On Taking Responsibility: From The Korea Times
A second-year participant in the EPIK program in Korea recently published an article in the Korea Times (thanks to Tesall.com for the link) essentially saying teachers need to accept more responsibility for how their jobs turn out. I’ve quoted him frequently because I don’t have personal experience with Korea; despite this, I think his message is extremely important in any teaching context.
He initially responds to the comment on a message board that “your experience [in the EPIK program] will totally depend on the school you are placed in.’’ He takes issue with this, pointing out that while co-workers and administrative staff at the school will play a role, saying it all comes down to luck “eliminates any responsibility that the native teacher has over his own experiences” and asks “… intelligence has nothing to do with choosing a job? How about wisdom? Reflections on one’s life experiences and lessons learned? And careful planning? Do native English teachers really think that teaching English in Korea comes down to rolling the dice and hoping for a lucky number? Do they not see that this fatalistic attitude contributes, in part, to any bad experiences they may have?”
He assert that in life in general “we make our own luck” (I must say I think there is a lot to this even if I wouldn’t apply in universally). How do we do this, and by extension, what can teachers in Korea do?
“By doing research; by making the right friends who advise us wisely; by surrounding ourselves with good people; by using our common sense, intelligence and life experiences to reach certain conclusions; and, most important of all, by not listening to ignorant and bitter people, especially over the Internet, who do not have the best interests of others at heart.”
And finally he puts into words something I feel I took issue with here, but I didn’t explain as succinctly.
“We [native speaking teachers] are not innocent victims.
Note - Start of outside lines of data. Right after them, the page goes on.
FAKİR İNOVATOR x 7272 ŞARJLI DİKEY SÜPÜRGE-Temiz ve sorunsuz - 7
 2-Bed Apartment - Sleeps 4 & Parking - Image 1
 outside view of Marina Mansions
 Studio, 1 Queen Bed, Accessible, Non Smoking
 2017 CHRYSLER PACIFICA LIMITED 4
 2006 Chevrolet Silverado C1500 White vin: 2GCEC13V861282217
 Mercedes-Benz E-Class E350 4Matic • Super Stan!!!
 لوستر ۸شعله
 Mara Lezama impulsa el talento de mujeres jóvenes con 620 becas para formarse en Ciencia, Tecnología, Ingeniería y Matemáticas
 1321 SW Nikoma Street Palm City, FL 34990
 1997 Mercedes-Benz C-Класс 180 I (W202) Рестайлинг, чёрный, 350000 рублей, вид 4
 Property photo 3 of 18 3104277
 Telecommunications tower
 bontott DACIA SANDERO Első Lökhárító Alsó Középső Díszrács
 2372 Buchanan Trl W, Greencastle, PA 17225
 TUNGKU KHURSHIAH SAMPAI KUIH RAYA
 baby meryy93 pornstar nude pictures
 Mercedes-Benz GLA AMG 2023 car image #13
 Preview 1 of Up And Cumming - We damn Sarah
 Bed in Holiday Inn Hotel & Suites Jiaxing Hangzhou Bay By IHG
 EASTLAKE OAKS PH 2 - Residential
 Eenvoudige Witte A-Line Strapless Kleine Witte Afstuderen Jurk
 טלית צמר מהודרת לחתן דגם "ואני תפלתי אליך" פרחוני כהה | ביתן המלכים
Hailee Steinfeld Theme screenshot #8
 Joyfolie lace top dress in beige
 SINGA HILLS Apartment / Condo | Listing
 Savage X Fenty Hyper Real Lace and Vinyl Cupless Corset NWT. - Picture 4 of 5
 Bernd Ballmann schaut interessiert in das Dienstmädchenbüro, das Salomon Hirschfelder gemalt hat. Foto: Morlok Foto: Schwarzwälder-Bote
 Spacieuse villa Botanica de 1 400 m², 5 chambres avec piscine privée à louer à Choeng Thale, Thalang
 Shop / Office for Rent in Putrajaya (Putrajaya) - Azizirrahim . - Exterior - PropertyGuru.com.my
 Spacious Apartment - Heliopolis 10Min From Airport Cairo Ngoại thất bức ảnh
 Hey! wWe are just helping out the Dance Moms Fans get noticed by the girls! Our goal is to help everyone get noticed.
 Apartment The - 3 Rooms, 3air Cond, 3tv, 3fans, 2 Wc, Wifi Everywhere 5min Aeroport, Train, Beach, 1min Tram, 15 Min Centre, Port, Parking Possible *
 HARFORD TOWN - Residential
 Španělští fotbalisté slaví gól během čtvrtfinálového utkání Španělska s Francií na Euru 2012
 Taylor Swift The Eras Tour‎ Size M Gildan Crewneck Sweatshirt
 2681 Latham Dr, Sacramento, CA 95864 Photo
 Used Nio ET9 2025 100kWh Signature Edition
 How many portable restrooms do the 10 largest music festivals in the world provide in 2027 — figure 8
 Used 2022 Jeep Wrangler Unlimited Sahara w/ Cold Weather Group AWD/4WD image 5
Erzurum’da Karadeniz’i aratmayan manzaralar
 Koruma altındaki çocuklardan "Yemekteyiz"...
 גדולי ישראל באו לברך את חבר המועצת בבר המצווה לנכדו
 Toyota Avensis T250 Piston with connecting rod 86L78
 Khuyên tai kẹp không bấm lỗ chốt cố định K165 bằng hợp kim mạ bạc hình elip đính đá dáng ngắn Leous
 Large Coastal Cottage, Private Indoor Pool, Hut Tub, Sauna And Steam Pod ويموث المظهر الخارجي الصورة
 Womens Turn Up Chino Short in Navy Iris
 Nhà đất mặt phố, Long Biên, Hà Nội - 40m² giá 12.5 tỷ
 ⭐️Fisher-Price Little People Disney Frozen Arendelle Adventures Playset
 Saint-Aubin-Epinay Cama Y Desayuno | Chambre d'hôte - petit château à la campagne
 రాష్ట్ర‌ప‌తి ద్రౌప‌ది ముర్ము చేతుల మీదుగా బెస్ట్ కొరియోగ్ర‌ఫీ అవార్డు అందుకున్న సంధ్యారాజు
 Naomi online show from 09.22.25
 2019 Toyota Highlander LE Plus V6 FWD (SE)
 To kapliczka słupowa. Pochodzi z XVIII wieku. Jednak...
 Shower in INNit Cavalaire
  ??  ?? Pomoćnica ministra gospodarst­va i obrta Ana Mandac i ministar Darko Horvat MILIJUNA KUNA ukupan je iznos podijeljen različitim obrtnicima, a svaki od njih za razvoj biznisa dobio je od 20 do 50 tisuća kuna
We are willing participants in this Korean/Western dance. Sometimes it’s an ugly tango full of stumbles and missteps, while other times the dance is pretty much in sync. But we are all willing participants in the lives we have chosen for ourselves here in Korea. This “playing-the-victim-card’’ when it conveniently suits our purpose cheapens the fact that there are very bad experiences here for foreigners such as nasty hagwon directors, late pay or no pay at all.”
It’s worth noting that he does acknowledge that there are very real bad experiences. The message here is not that you don’t need to worry about problems in Korea, but that as teachers we need not to just sit back and throw up our hands and call it inevitable – we need to put the time and effort into securing a good situation. Certainly in any country there can be EFL employers who lie and mislead and are practiced at it; this may be hard to identify in advance. But again, that doesn’t mean that all are like that or that research will be fruitless.